> **WHAT YOU NEED TO DO**: Locate each line in the records containing "Black". Copy it.

> **INPUT MATERIAL**:
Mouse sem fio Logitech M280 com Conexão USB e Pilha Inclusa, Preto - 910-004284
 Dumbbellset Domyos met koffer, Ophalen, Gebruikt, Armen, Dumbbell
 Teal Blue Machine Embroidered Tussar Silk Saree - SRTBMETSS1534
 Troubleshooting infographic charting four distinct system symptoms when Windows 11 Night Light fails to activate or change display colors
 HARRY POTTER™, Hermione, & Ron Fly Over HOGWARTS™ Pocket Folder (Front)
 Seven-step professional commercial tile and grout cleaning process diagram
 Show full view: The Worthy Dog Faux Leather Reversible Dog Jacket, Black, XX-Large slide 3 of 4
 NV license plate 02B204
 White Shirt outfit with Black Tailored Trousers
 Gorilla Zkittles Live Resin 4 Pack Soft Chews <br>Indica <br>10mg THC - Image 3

> **WORKED SOLUTION**:
 Show full view: The Worthy Dog Faux Leather Reversible Dog Jacket, Black, XX-Large slide 3 of 4
 White Shirt outfit with Black Tailored Trousers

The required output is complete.